* [WHAT IS EXPECTED]: Using the listing below, set down exactly the lines from the one that contains "Hello, in this" through the one that contains "For the second", with no pictures.

* [INFORMATION]:
☆ ☆ ☆ ☆ ☆

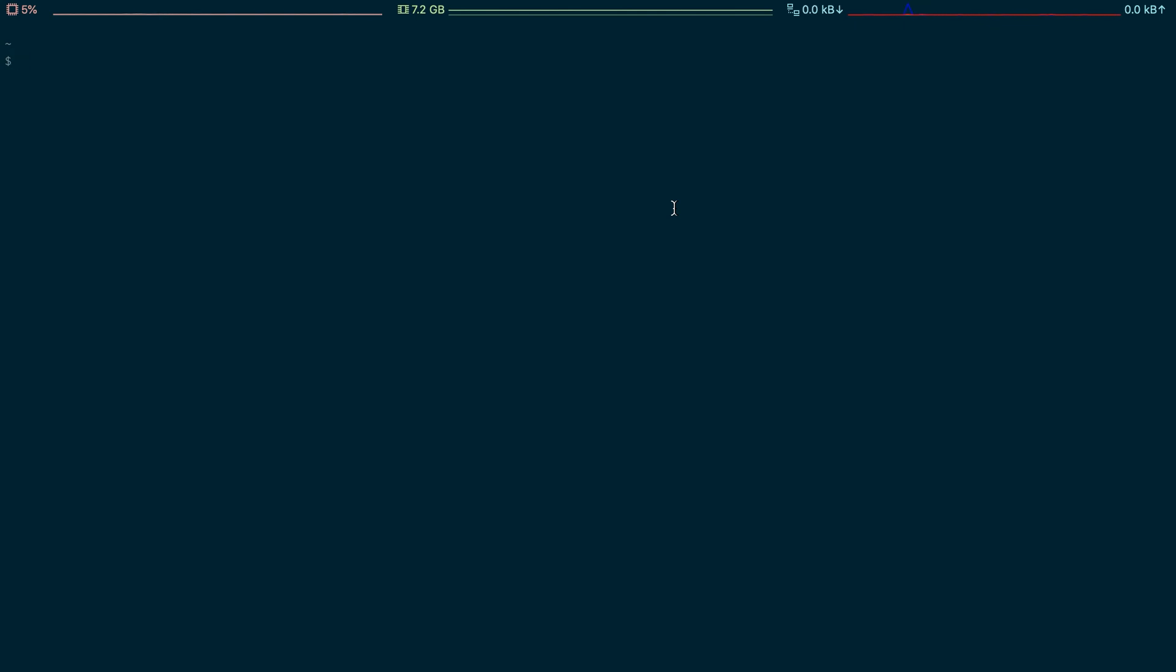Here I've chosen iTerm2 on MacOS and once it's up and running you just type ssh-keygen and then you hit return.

☆ ☆ ☆ ☆ ☆

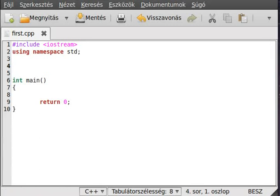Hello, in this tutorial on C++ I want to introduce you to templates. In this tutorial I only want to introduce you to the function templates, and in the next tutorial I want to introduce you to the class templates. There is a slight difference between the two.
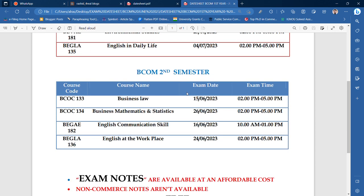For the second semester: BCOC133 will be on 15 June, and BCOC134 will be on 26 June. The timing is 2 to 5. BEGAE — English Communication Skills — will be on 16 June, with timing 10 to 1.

☆ ☆ ☆ ☆ ☆

* [EXERCISE SOLUTION]:
Hello, in this tutorial on C++ I want to introduce you to templates. In this tutorial I only want to introduce you to the function templates, and in the next tutorial I want to introduce you to the class templates. There is a slight difference between the two.
For the second semester: BCOC133 will be on 15 June, and BCOC134 will be on 26 June. The timing is 2 to 5. BEGAE — English Communication Skills — will be on 16 June, with timing 10 to 1.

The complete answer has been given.